Paris, 6 novembre 1923.

Renouvellement du crédit argentin.

J’ai l’honneur de vous accuser réception de votre lettre no 3434 en date du 16 octobre courant par laquelle vous me faites connaître l’heureuse issue des démarches poursuivies par le ministre de France en Argentine en vue d’obtenir la nouvelle prorogation du crédit qui nous avait été consenti par cet État au cours de l’année 19181.

Je vous serais très obligé de vouloir bien faire savoir au gouvernement argentin tout le prix que j’attache à la nouvelle preuve d’amitié qu’il vient de nous donner en cette circonstance et je vous demanderai également de transmettre à M. Boudet mes félicitations pour l’habileté avec laquelle il a su mener à bien les négociations que je l’avais prié d’entreprendre2.

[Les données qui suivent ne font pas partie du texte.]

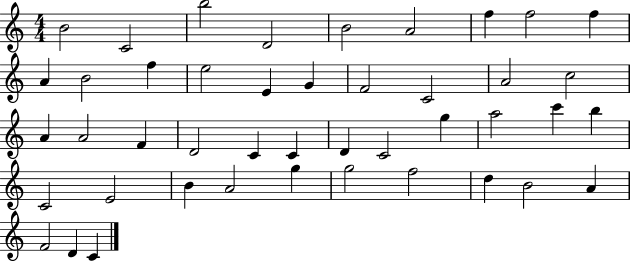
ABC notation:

X:1
T:Untitled
M:4/4
L:1/4
K:C
B2 C2 b2 D2 B2 A2 f f2 f A B2 f e2 E G F2 C2 A2 c2 A A2 F D2 C C D C2 g a2 c' b C2 E2 B A2 g g2 f2 d B2 A F2 D C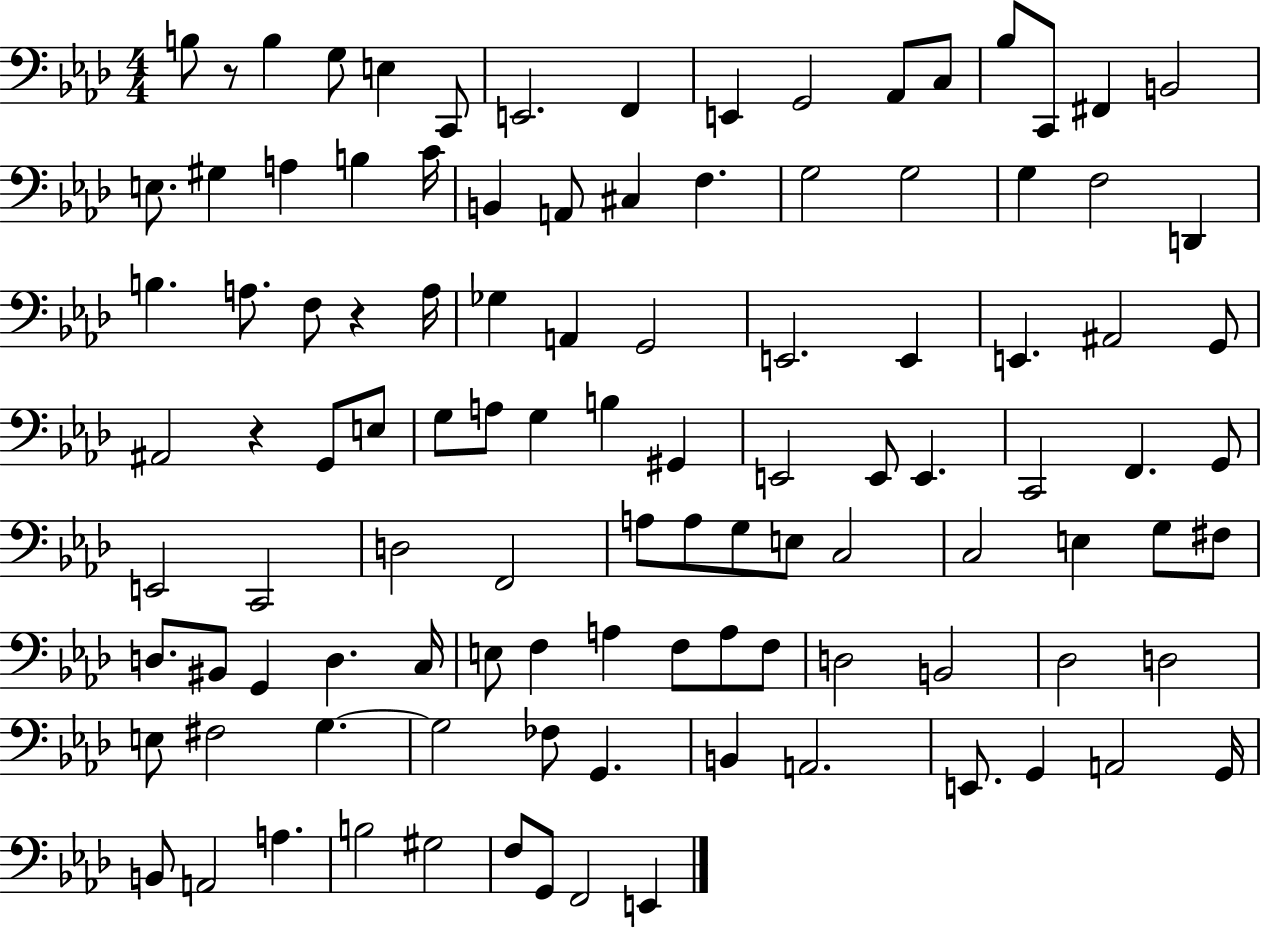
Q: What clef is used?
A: bass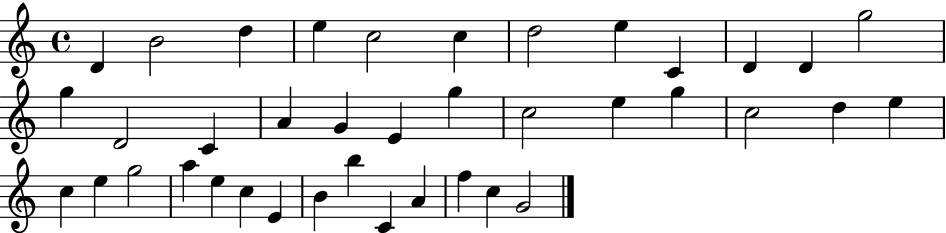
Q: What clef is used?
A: treble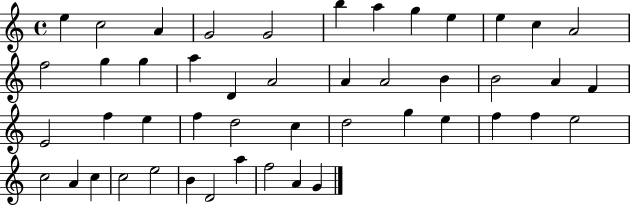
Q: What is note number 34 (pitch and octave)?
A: F5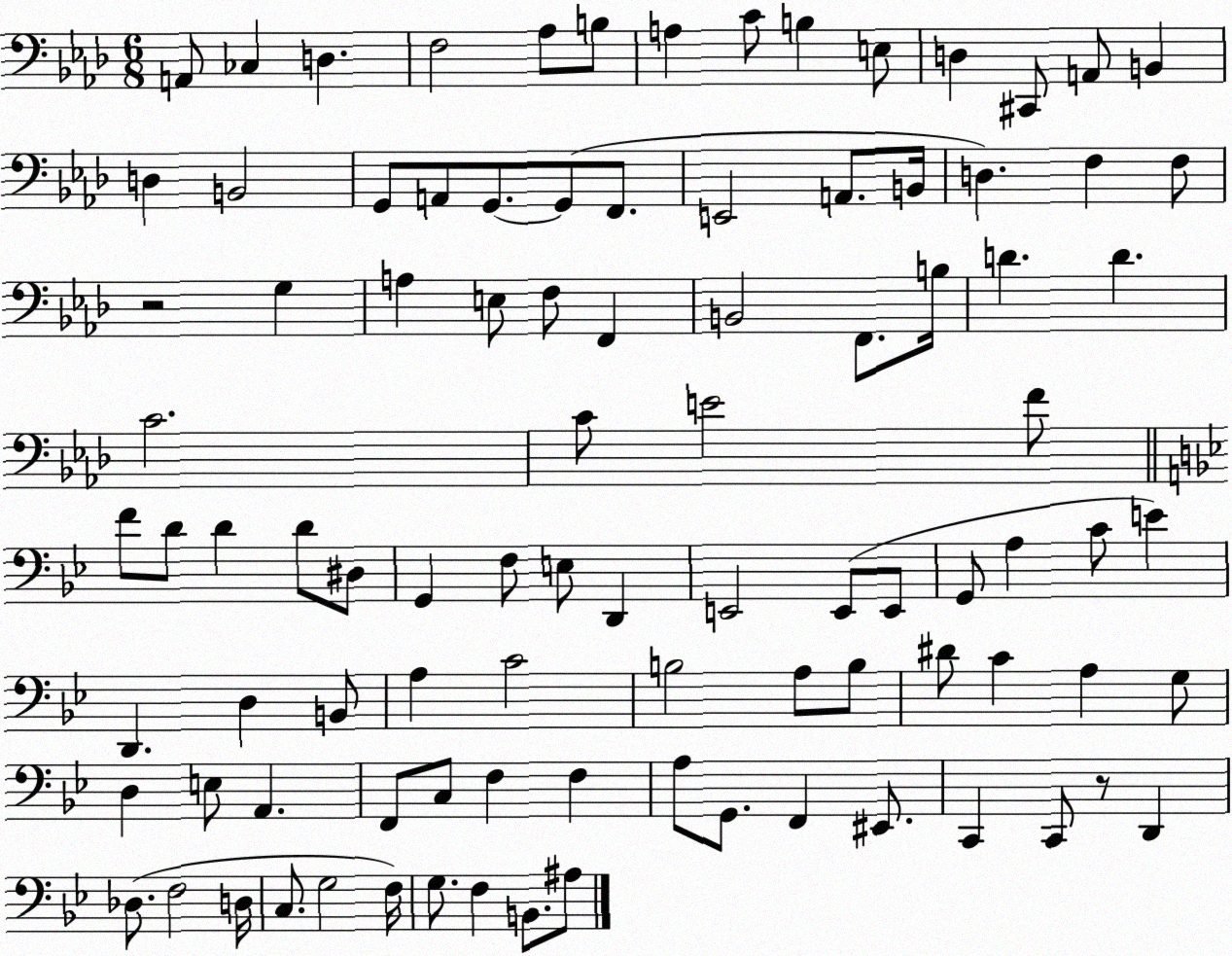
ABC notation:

X:1
T:Untitled
M:6/8
L:1/4
K:Ab
A,,/2 _C, D, F,2 _A,/2 B,/2 A, C/2 B, E,/2 D, ^C,,/2 A,,/2 B,, D, B,,2 G,,/2 A,,/2 G,,/2 G,,/2 F,,/2 E,,2 A,,/2 B,,/4 D, F, F,/2 z2 G, A, E,/2 F,/2 F,, B,,2 F,,/2 B,/4 D D C2 C/2 E2 F/2 F/2 D/2 D D/2 ^D,/2 G,, F,/2 E,/2 D,, E,,2 E,,/2 E,,/2 G,,/2 A, C/2 E D,, D, B,,/2 A, C2 B,2 A,/2 B,/2 ^D/2 C A, G,/2 D, E,/2 A,, F,,/2 C,/2 F, F, A,/2 G,,/2 F,, ^E,,/2 C,, C,,/2 z/2 D,, _D,/2 F,2 D,/4 C,/2 G,2 F,/4 G,/2 F, B,,/2 ^A,/2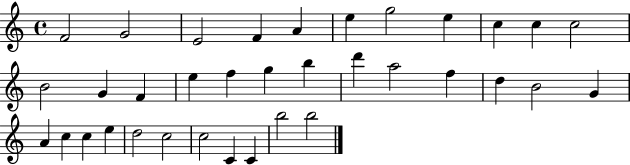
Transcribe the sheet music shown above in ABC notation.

X:1
T:Untitled
M:4/4
L:1/4
K:C
F2 G2 E2 F A e g2 e c c c2 B2 G F e f g b d' a2 f d B2 G A c c e d2 c2 c2 C C b2 b2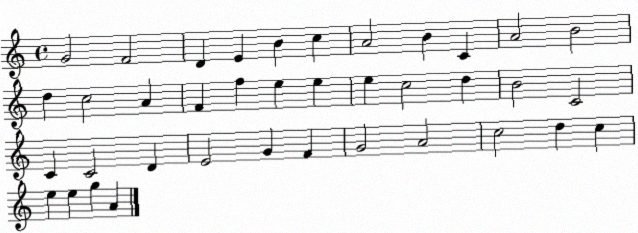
X:1
T:Untitled
M:4/4
L:1/4
K:C
G2 F2 D E B c A2 B C A2 B2 d c2 A F f e e e c2 d B2 C2 C C2 D E2 G F G2 A2 c2 d c e e g A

Je vous prierai, en outre, de demander à cette occasion à notre ministre à Buenos-Ayres s’il pense que le gouvernement argentin ait fait du paiement effectif des intérêts de notre crédit une condition de son renouvellement ou s’il serait disposé à accepter que ces intérêts fussent portés au débit de notre compte. Il va de soi qu’au cas où le gouvernement argentin serait désireux que le montant de ces intérêts fût comme en 1923 effectivement versé, rien ne s’oppose...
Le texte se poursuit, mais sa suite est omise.